Work to be completed: Would you write out the whole listing below exactly as given?

☆ ☆ ☆ ☆ ☆ ☆ ☆

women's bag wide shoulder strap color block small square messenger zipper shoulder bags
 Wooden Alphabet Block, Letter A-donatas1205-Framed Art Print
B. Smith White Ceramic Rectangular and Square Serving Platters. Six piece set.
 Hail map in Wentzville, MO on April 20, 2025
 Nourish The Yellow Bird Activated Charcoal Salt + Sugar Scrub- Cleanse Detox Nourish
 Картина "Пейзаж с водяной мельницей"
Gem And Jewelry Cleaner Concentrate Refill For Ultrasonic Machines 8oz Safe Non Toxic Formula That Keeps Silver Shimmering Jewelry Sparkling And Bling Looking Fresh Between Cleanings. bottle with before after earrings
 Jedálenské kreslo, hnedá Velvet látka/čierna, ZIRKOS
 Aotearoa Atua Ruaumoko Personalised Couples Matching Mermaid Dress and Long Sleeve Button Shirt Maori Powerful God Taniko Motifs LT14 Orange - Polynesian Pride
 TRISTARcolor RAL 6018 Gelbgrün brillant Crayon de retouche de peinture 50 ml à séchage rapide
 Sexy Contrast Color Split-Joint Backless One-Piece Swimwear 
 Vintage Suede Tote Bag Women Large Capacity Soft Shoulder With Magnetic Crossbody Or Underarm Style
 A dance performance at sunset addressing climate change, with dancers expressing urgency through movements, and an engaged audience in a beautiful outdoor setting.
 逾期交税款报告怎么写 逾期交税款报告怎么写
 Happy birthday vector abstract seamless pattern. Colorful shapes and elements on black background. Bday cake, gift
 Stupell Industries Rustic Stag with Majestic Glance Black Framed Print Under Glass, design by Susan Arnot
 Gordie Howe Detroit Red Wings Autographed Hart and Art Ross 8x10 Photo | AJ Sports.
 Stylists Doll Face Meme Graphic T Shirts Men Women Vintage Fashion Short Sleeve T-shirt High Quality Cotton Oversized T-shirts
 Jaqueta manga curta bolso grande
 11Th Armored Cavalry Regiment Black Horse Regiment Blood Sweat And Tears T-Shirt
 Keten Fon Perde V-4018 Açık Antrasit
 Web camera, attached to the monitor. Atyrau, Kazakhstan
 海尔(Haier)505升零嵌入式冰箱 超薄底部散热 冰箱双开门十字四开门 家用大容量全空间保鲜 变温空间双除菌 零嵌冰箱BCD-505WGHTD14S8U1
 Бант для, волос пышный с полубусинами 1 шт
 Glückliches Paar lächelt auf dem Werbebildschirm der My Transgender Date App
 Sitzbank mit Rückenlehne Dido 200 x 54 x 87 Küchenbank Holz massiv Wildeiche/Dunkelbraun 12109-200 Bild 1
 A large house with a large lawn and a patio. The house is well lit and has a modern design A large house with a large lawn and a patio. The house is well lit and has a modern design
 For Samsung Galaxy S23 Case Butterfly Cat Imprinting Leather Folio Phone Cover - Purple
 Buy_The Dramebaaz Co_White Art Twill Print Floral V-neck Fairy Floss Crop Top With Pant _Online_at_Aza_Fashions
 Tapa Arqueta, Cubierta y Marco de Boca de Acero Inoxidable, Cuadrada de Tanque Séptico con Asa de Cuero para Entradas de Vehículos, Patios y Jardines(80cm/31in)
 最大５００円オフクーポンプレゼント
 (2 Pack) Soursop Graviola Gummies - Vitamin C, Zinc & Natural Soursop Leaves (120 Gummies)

☆ ☆ ☆ ☆ ☆ ☆ ☆

Output below:
women's bag wide shoulder strap color block small square messenger zipper shoulder bags
 Wooden Alphabet Block, Letter A-donatas1205-Framed Art Print
B. Smith White Ceramic Rectangular and Square Serving Platters. Six piece set.
 Hail map in Wentzville, MO on April 20, 2025
 Nourish The Yellow Bird Activated Charcoal Salt + Sugar Scrub- Cleanse Detox Nourish
 Картина "Пейзаж с водяной мельницей"
Gem And Jewelry Cleaner Concentrate Refill For Ultrasonic Machines 8oz Safe Non Toxic Formula That Keeps Silver Shimmering Jewelry Sparkling And Bling Looking Fresh Between Cleanings. bottle with before after earrings
 Jedálenské kreslo, hnedá Velvet látka/čierna, ZIRKOS
 Aotearoa Atua Ruaumoko Personalised Couples Matching Mermaid Dress and Long Sleeve Button Shirt Maori Powerful God Taniko Motifs LT14 Orange - Polynesian Pride
 TRISTARcolor RAL 6018 Gelbgrün brillant Crayon de retouche de peinture 50 ml à séchage rapide
 Sexy Contrast Color Split-Joint Backless One-Piece Swimwear 
 Vintage Suede Tote Bag Women Large Capacity Soft Shoulder With Magnetic Crossbody Or Underarm Style
 A dance performance at sunset addressing climate change, with dancers expressing urgency through movements, and an engaged audience in a beautiful outdoor setting.
 逾期交税款报告怎么写 逾期交税款报告怎么写
 Happy birthday vector abstract seamless pattern. Colorful shapes and elements on black background. Bday cake, gift
 Stupell Industries Rustic Stag with Majestic Glance Black Framed Print Under Glass, design by Susan Arnot
 Gordie Howe Detroit Red Wings Autographed Hart and Art Ross 8x10 Photo | AJ Sports.
 Stylists Doll Face Meme Graphic T Shirts Men Women Vintage Fashion Short Sleeve T-shirt High Quality Cotton Oversized T-shirts
 Jaqueta manga curta bolso grande
 11Th Armored Cavalry Regiment Black Horse Regiment Blood Sweat And Tears T-Shirt
 Keten Fon Perde V-4018 Açık Antrasit
 Web camera, attached to the monitor. Atyrau, Kazakhstan
 海尔(Haier)505升零嵌入式冰箱 超薄底部散热 冰箱双开门十字四开门 家用大容量全空间保鲜 变温空间双除菌 零嵌冰箱BCD-505WGHTD14S8U1
 Бант для, волос пышный с полубусинами 1 шт
 Glückliches Paar lächelt auf dem Werbebildschirm der My Transgender Date App
 Sitzbank mit Rückenlehne Dido 200 x 54 x 87 Küchenbank Holz massiv Wildeiche/Dunkelbraun 12109-200 Bild 1
 A large house with a large lawn and a patio. The house is well lit and has a modern design A large house with a large lawn and a patio. The house is well lit and has a modern design
 For Samsung Galaxy S23 Case Butterfly Cat Imprinting Leather Folio Phone Cover - Purple
 Buy_The Dramebaaz Co_White Art Twill Print Floral V-neck Fairy Floss Crop Top With Pant _Online_at_Aza_Fashions
 Tapa Arqueta, Cubierta y Marco de Boca de Acero Inoxidable, Cuadrada de Tanque Séptico con Asa de Cuero para Entradas de Vehículos, Patios y Jardines(80cm/31in)
 最大５００円オフクーポンプレゼント
 (2 Pack) Soursop Graviola Gummies - Vitamin C, Zinc & Natural Soursop Leaves (120 Gummies)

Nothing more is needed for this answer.